◆ Record set ◆

--- --- ---

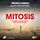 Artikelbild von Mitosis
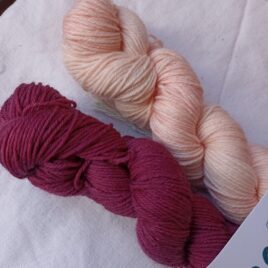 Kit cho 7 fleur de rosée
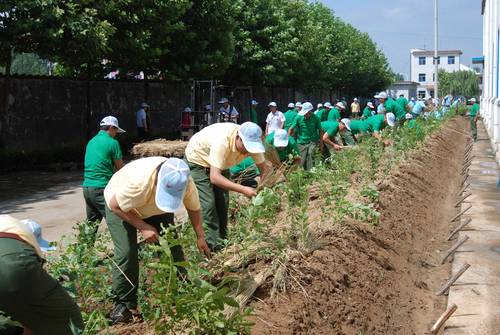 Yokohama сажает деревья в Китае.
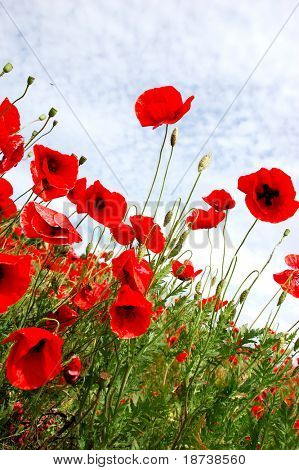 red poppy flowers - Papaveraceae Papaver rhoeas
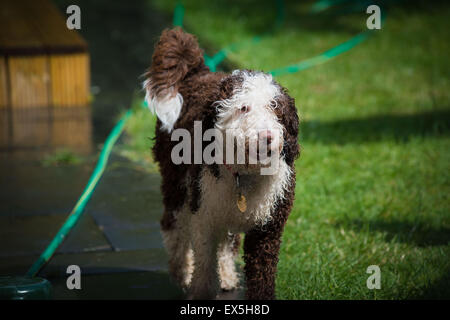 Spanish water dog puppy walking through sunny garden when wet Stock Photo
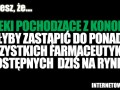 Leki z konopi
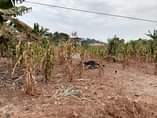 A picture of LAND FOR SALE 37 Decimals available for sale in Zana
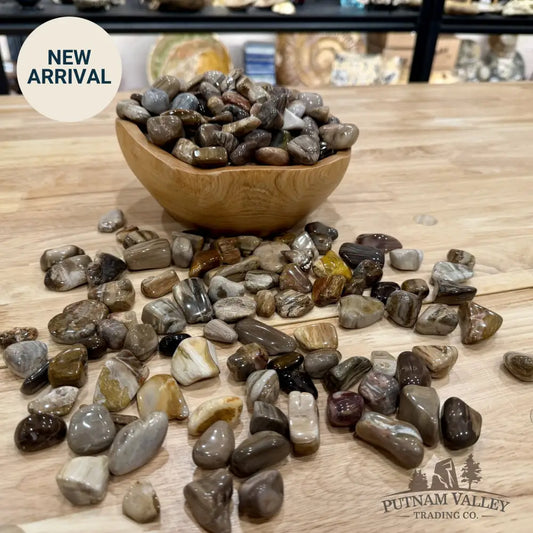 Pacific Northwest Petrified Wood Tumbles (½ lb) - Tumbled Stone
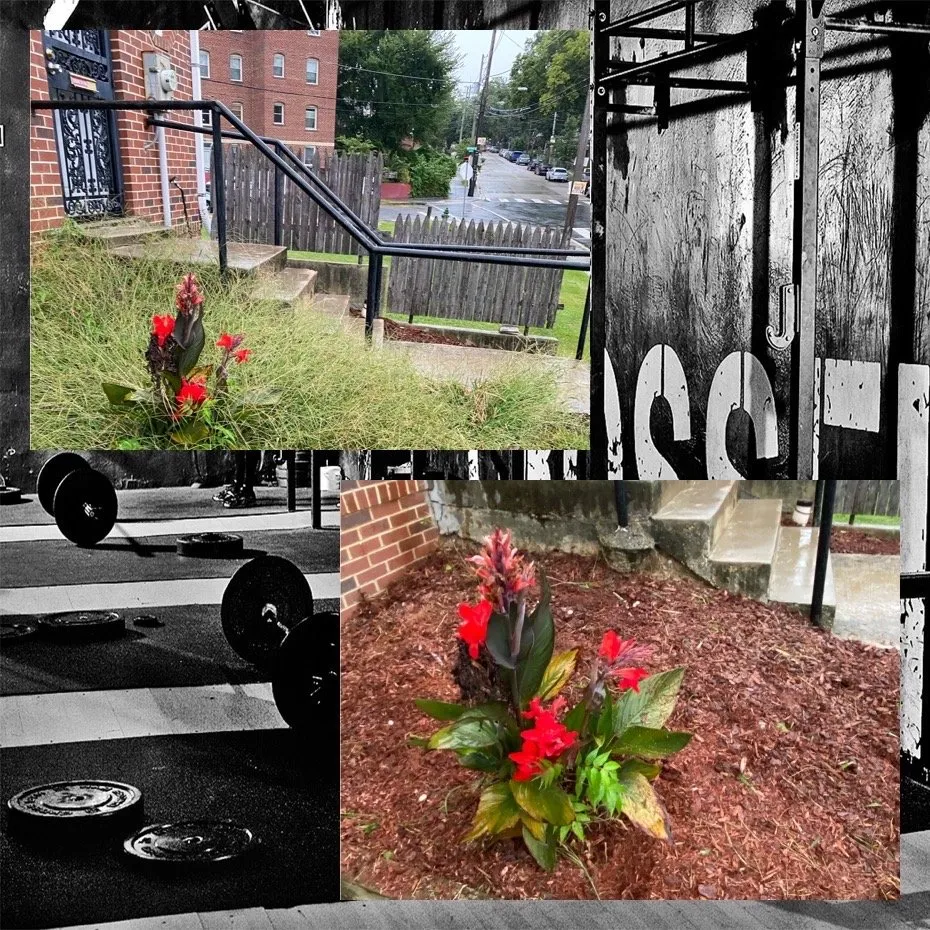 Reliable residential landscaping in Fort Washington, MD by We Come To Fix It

--- --- ---

Give back the full listing exactly as written, only without its pictures.

 Artikelbild von Mitosis
 Kit cho 7 fleur de rosée
 Yokohama сажает деревья в Китае.
 red poppy flowers - Papaveraceae Papaver rhoeas
 Spanish water dog puppy walking through sunny garden when wet Stock Photo
 Leki z konopi
 A picture of LAND FOR SALE 37 Decimals available for sale in Zana
 Pacific Northwest Petrified Wood Tumbles (½ lb) - Tumbled Stone
 Reliable residential landscaping in Fort Washington, MD by We Come To Fix It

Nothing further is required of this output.